As you might be observing, oil prices have fallen over the past three months. Recently Goldman Sachs has slashed its 2015 Brent oil price forecasts to $85 per barrel for March 2015.
Talking about the Indian Subcontinent, the prime beneficiary to this event is the Government of India which can meet its fiscal deficit targets comfortably. Since diesel subsidies form a major portion of the government’s annual budget, reduction in oil prices will cut down expenditures. Taking advantage of lower oil prices, the Government has proactively deregulated diesel prices. Although this decision was long pending, we need to see if this deregulation continues with increase in oil prices too. Another benefit would be the decline in inflation which has been the main agenda of the NDA during the general elections.
With expected cut down in fiscal expenditure pertaining to subsidies, there is a good opportunity for the Government to invest into infrastructure projects which are long starving for funds. Lower fiscal deficit and softer diesel prices will help RBI in achieving its inflation targets. This would allow it to back the Government on reforms and investment by cutting interest rates.
Though these are highly positive developments for the economy, the Government has to address numerous other agendas. The Centre has not yet sent out a clear message or guidelines for FDI in retail and exports. The Centre has only started to articulate its vision of manufacturing in India and easing the regulatory and legal policy for businesses. Also, the state level complacency and disagreement on implementation of many such reforms are big hurdles which will dampen the effort taken at the centre.
Looking at the current fundamentals, we just see the locus of high inflation shifting from higher fuel prices to supply bottlenecks and slow moving reforms. We expect inflation to remain at moderate to high levels till the implementation of reforms improves macro fundamentals.

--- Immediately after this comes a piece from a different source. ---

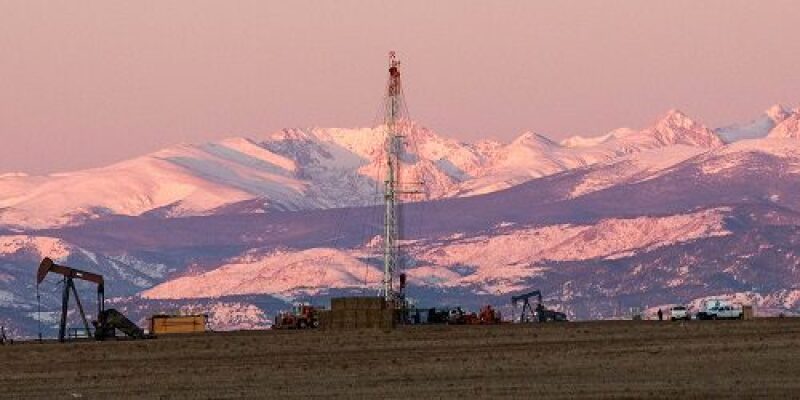 Image of drilling operations in front of Colorado landscape.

While few domestic industries are welcoming lower oil prices, the export-oriented industries are seeing this event as a caution. If the decline in oil prices is due to slowdown in the global economy, we think exporters will have a tough time selling their products abroad. Even if exports do not contribute majorly to the government’s revenues, their contribution in foreign funds is significant, which is needed to keep current account deficit in check. Even a minor outflow of foreign exchange will depreciate rupee, which may impact private investment in infrastructure and manufacturing.
However, this wouldn’t be a major worry if the decline in oil prices is due to excess supply or due to shift of the consumption to other energy resources or disagreement within the OPEC. Only time will tell the likely reason for decline in oil prices. For details you can also read this Bloomberg article on ‘Why Oil Prices Went Down So Far So Fast’
The Government has ample of time in hand to encourage investments in the economy. This will not only attract foreign investment but will also lead to higher GDP growth rate.